Sometimes Statistics Lie

Lately, I’ve been noticing that people are using statistics more often to lie instead of using common sense.

For instance, I work with a friend who was very upset because it wasn’t recognized that she increased survey participation by 50% versus the prior month’s participation numbers.  Since I’m a little more mathematically astute, she came to me to check if her calculations were correct (and to complain).  So I quickly ran the numbers in my head and she was correct, she did increase the survey participation by 50%.

Now most of us would agree that a 50% increase is fairly impressive, at least from a mathematical perspective!

Statistics Don’t Tell The Entire Story

The catch with my friend is that the number of participants involved with the survey the prior month was only two.  The month that she became involved with the survey results, the number increased to three participants.  So while technically she can claim that her involvement increased the participation rate by 50% versus the previous month… it’s still just one additional person!

To really make matters worse was the fact that her manager was upset because 2 month prior the survey participation number was four!  So in her manager’s viewpoint, the numbers actually decreased by 25%.  While I wholeheartedly agree with my friend, when you speak in terms one or two people, the statistics really doesn’t matter much.  It could be just luck that one more person filled out a survey in her month than versus the previous month, or two months ago.

Obviously, she was right in her calculations, but the significance of one person doesn’t really matter.  Especially when the goal is for having hundreds of responses per month instead of just single digits numbers.

I personally find that a floating average number, or some other kind of baseline is the best for comparing performance.

For example, with my friend, if the average participation rate for the surveys is one person per month, then realistically 3 actually is a phenomenal number and she should be acknowledge for her efforts.

I’m writing this because all to often I see people on all sides of arguments using mathematically correct statistics in a way that promote their argument without taking into account the historic average of numbers the statistics represent.  This is a common tactic with politicians in general.

Statistics that Use Bad Sampling Sets

Poor Statistical Sample Set

Sometimes Statistics Lie

Okay, I’m going to get nerdy on everybody here, so just bare with me… If the sampling set taken isn’t representative of the general population or the target population being represented, then the statistics that are used on the non-representative sample will be inaccurate.  For example, if you take a count of the eye color of 20 Swedish people as your sample set, you’ll derive a number that states that % of the eye color of everybody is blue.  Obviously, we know this isn’t true, but such sampling occasionally happens, especially in politics.  The above picture declares Dewey is the new president, but we know he wasn’t elected.  This was due to an error in the sample set or size of the sample set.
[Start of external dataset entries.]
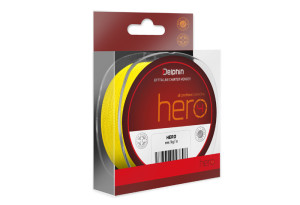 Delphin HERO 4 / fluo jaune 0,14mm 9,1kg 117m Brown, Beige, Gold, Red 0,14mm 9,1kg 117m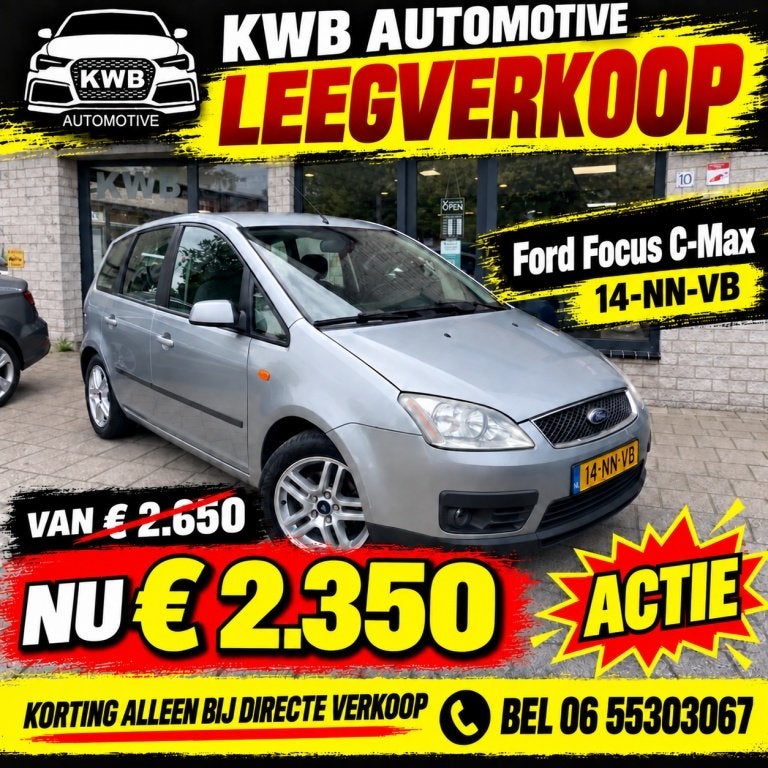 Ford Focus C-MAX 1.8-16V First Edition | Airco APK | NAP, Gebruikt, 1287 kg, 4 cilinders, Euro 4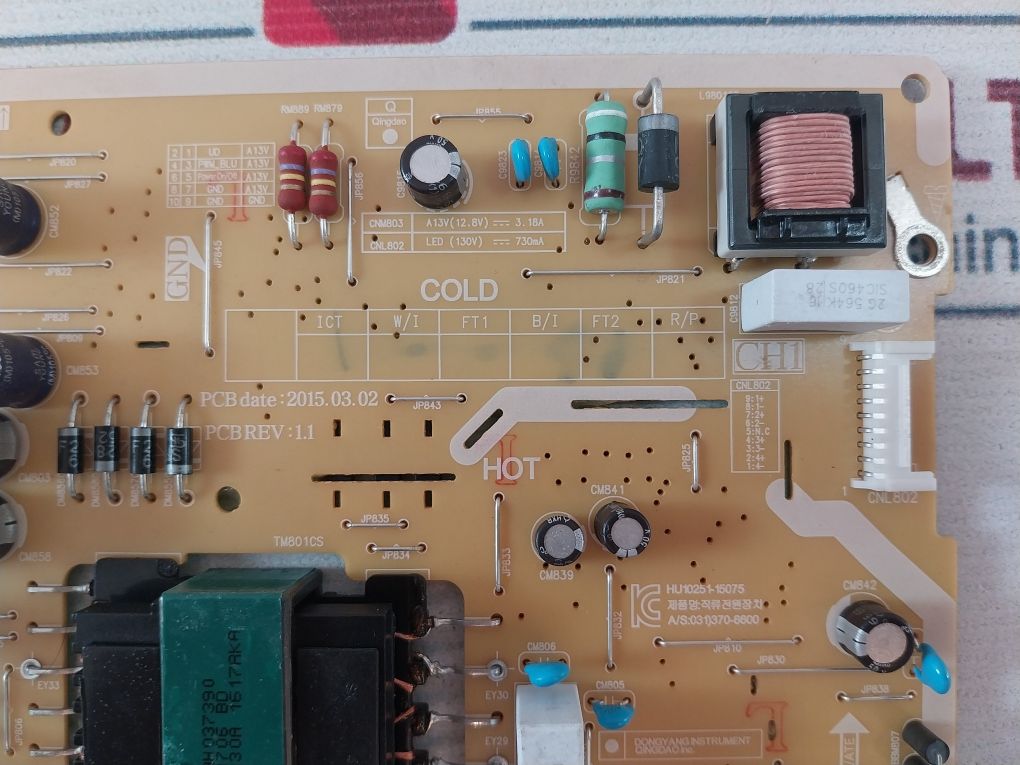 Dongyang Instrument L48Msf Hu 10251-15075 Power Supply Board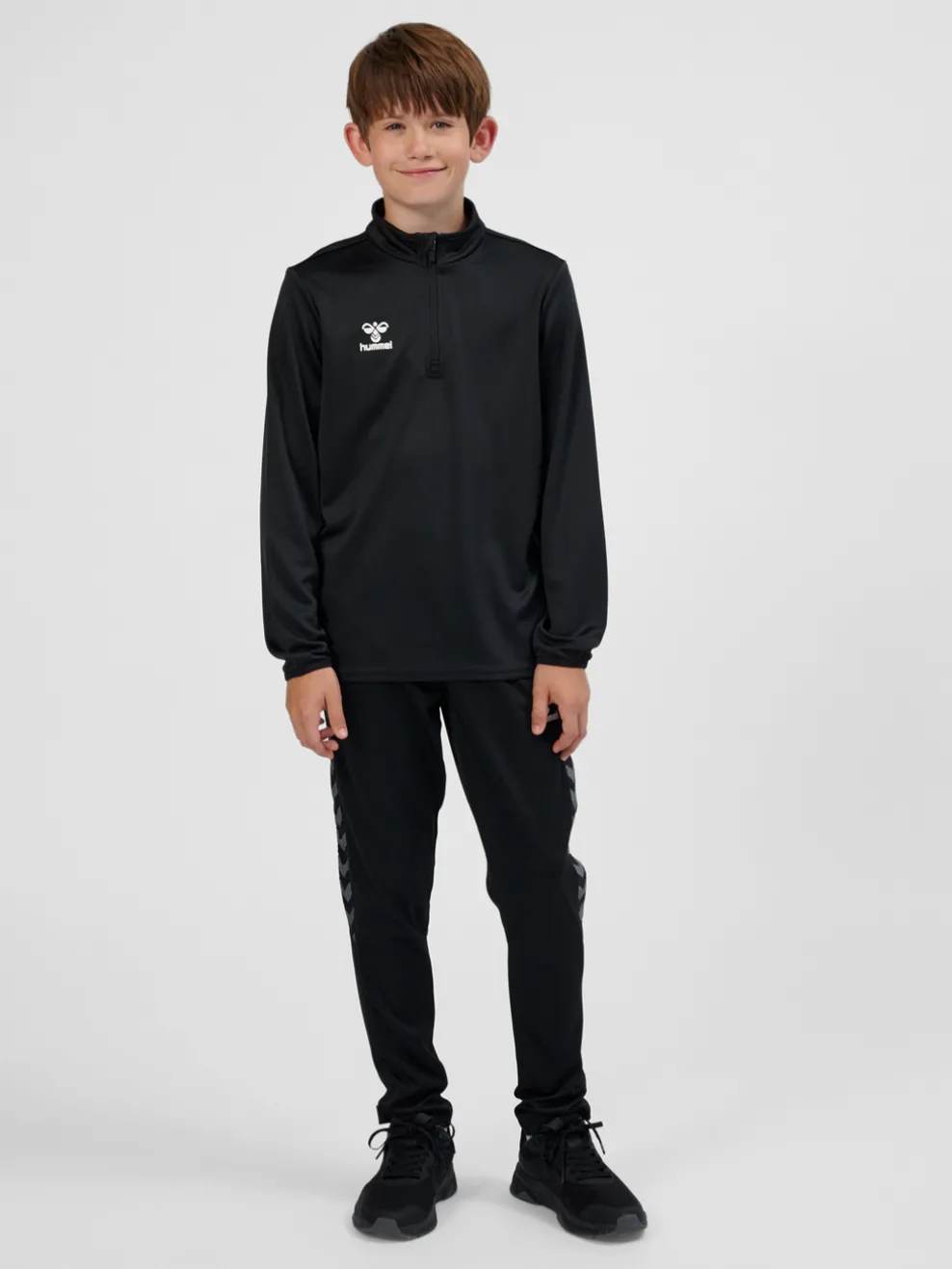hmlESSENTIAL HALF-ZIP KIDS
What to Use When Statistics Lie or Are Abused

Try to find unbiased results.  This isn’t easy though, since usually the statistics that a person or group presents was collected by them for the presentation.  This alone should set off red flags!  How accurate can the statistics be if they are using the statistics for their presentation?  Wouldn’t be be kind of silly of them to present statistics that would undermine there cause?

Personally, I try to come to a conclusion based on common sense with such matters.  This isn’t easy and is highly subjective, but without conducting a fair and representative sample, it’s just not possible to get what the real statistics are around a topic.

Statistics that Don’t Account For All Variables and Time

There is a concept called Spurious Relationships, which basically exists when two variables seem related but actually aren’t.  For instance, one of my favorite examples is that ice cream consumption increases in summer and so does the temperature in that given area.  So does eating ice cream raise the temperature of the climate in summer?  No, but yet the two variables seem to be highly correlated…

So basically, what I’m trying to say is just because a correlation may seem to be a statistical number that make sense, often time it doesn’t.  Using common sense, you can debunk such poor statistical usage and you should question the presenters and their motives.  Don’t be fooled by numbers, just because someone uses statistics doesn’t mean that they are right.

Don’t believe the hype, think things through!

MR

19 thoughts on “Sometimes Statistics Lie

  1. There is a reason that Mark Twain popularized the saying, “Lies, damn lies, and statistics.” It is possible to make the numbers say anything you want and emphasize a certain portion of a data set.

  2. I love when ‘mathematgicians’ point to statistics to prove their points. You can make just about anything skew in your favor.

    This is a great post MR. I know people love solid evidence to prove a point, but stats are not solid by any means. Sure data has its place in research and such, but so many people use stats in the same manner your coworked did- to try to get people to align with their beliefs or to make themselves look good.

    • I agree, there is a fallacy that numbers don’t lie, and they don’t but the people presenting them do, or twist the stats by changing the range the stats are made up of to present an favorable number that would backup their argument.

      I’m saying all stats are bad! But much like TV media, you can’t blindly believe them either without an unbiased presentation, and if you make sure the correlation isn’t spurious…

      This was an 3:00am post, so I was late, and this was the first thing that came to my mind…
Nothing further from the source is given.